The French President made his pitch in response to threats the Union is facing – Brexit was of course high on the list, highlighted by Mr Macron as the symbol of a European “crisis”.
Among other reforms, Macron spoke out in support of reforms to security and defence, and increased regulation of Big Tech.
But two of the key areas addressed were trade policy and competition rules. Potential reforms to both areas would be, in part, a response to threats currently presented by China.
There are strong indications that changes to European trade policy are likely, but the general response to French calls for reform of antitrust rules has been less than enthusiastic across the EU.
Reciprocity in Trade
The French President advocated for the introduction of “European preference in strategic industries and our public procurement”.
It is an obvious response to the approach adopted by China, which restricts market access for foreign companies, and provides support to certain national businesses with government subsidies.
Yet Macron’s suggestion of a “European preference” is somewhat more protectionist than expected. It is relatively radical in comparison with other ideas from around Europe and is therefore unlikely to receive much support in Brussels.
However, there does appear to be scope for reform in trade policy through the introduction of greater reciprocity, particularly when it comes to China.
This would mean restricting the ability of companies from third countries, where there are restrictions on market access for European businesses, from obtaining public procurement contracts in the EU.
This type of reform has received recent support in Germany’s proposed industrial strategy, which provides that the EU “must take action against distorted competition from other countries more actively than it has done in the past”.

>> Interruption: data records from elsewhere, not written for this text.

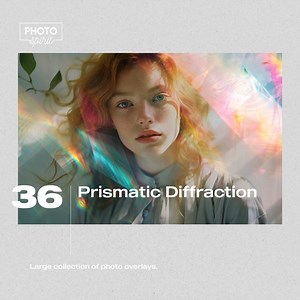 Prismatic Diffraction Photo Overlays: Vibrant Effects (JPG, ATN, PDF) - Etsy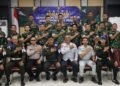 Satlantas Polres Gresik Bersama Subdenpom Gelar Coaching Clinic Keselamatan Berkendara di Makodim
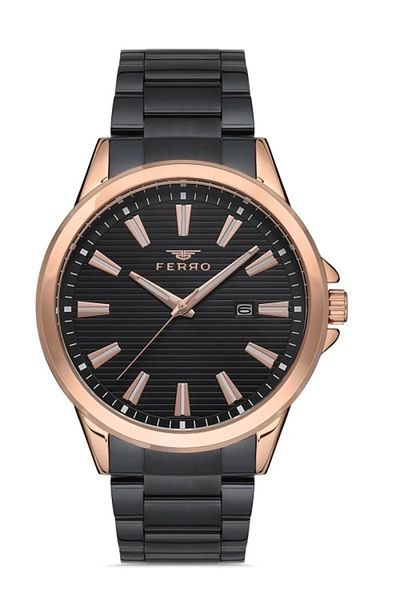 FERRO Black Steel Cord Men's Wristwatch F11930A-R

Its aim would be to provide the EU with greater leverage when negotiating with third countries, and help to reduce the imbalance that currently exists.

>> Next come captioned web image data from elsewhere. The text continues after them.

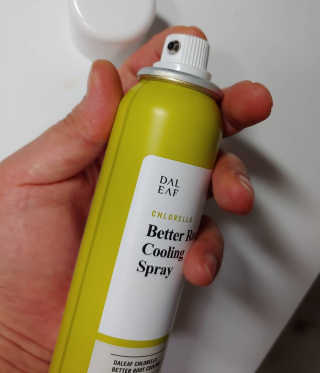 달리프 클로렐라 베러 루트 쿨링 스프레이 100ml — 5점을 준 리뷰어가 2019년 7월 올린 사용 사진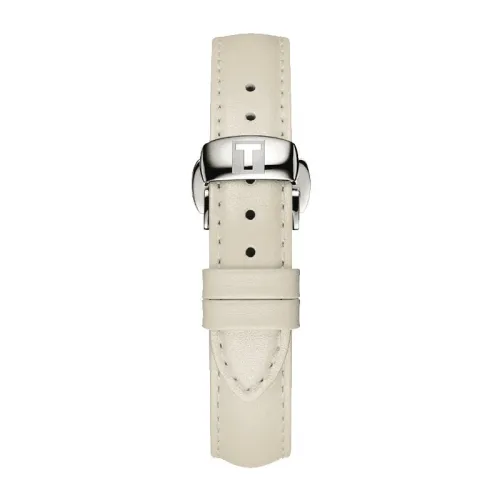 TISSOT T-MY LADY QUARTZ CADRAN NACRE BRACELET ACIER ET CUIR 29,3 MM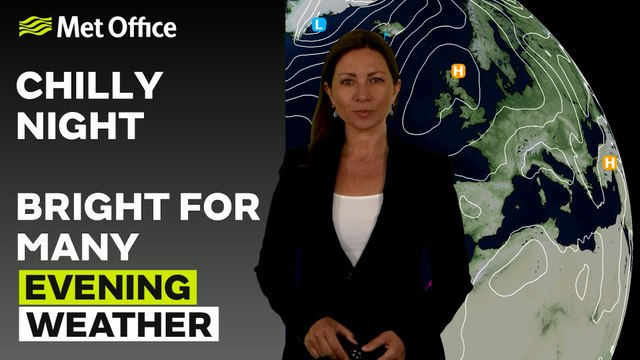 Met Office Evening Weather Forecast 07/05/25 – Cloudier east, clearer west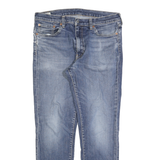 LEVI'S 511 Slim Mens Jeans Blue Denim W36 L32 Ripped Distressed Zip Closure
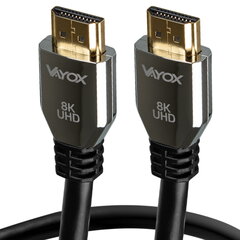 Кабель HDMI - HDMI 2.1 8K 3m VA0038-3 Vayox цена и информация | Кабели и провода | pigu.lt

Within that same theme of rebalancing, France and Germany have been outspoken in their desire to see changes to antitrust regulation.
Macron’s calls to introduce reforms in this area are reminiscent of recent Franco-German industrial policy proposals, published following the EU Commission’s rejection of a mega-merger between two of the world’s most successful rolling stock manufacturers, Siemens AG and Alstom SA (see last month’s edition of La Revue).

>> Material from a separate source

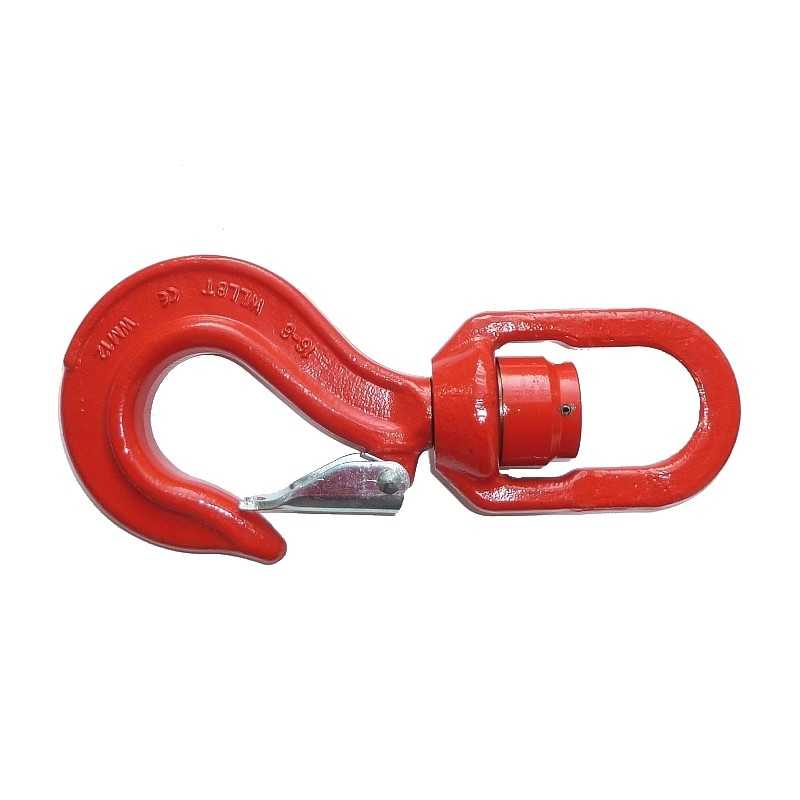 Pasukamas kablys su rutuliniu guoliu 8t hds kranu patvirtinti kabliukai 8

Paris and Berlin were both strongly in favour of EU rules allowing for the creation of national and European ‘champions’, and in particular the Commission changing their merger control and market share assessment procedure to account for competition at the global level.
In Siemens/Alstom, this would have required the Commission to account for the presence of the world’s biggest train manufacturer from China.
Additionally, France and Germany proposed giving EU leaders the ability to overrule a Commission antitrust decision, to promote certain ‘champion’ businesses who would be able to compete with Chinese or US giants.
Numerous responses have however dampened French and German hopes for such reforms.
EU Competition Commissioner, Margarethe Vestager, who blocked the rail merger and is now running for the presidency of the EU Commission, has discussed the idea of a new European industrial policy, but emphasised that it needs to benefit the whole market, not only select companies.
The proposals have also failed to receive much support in smaller EU nations that do not have large pan-European companies.
Several of these Member States view Paris and Berlin as attempting to prioritise the interests of their industrial giants, despite the fact that it could mean limiting competition throughout the continent.
Regarding both trade and competition policy, there has been much debate about how the EU should respond to international threats, particularly on those stemming from China.
Emmanuel Macron’s calls for an EU ‘Renaissance’ were wide reaching and ambitious. Whether or not they will progress further may depend on the outcome of this summer’s elections.
And while France and Germany are likely to have a significant voice on any suggested reforms following the EU parliamentary elections, it could prove difficult for them to bring about meaningful change if they fail to convince other Member States.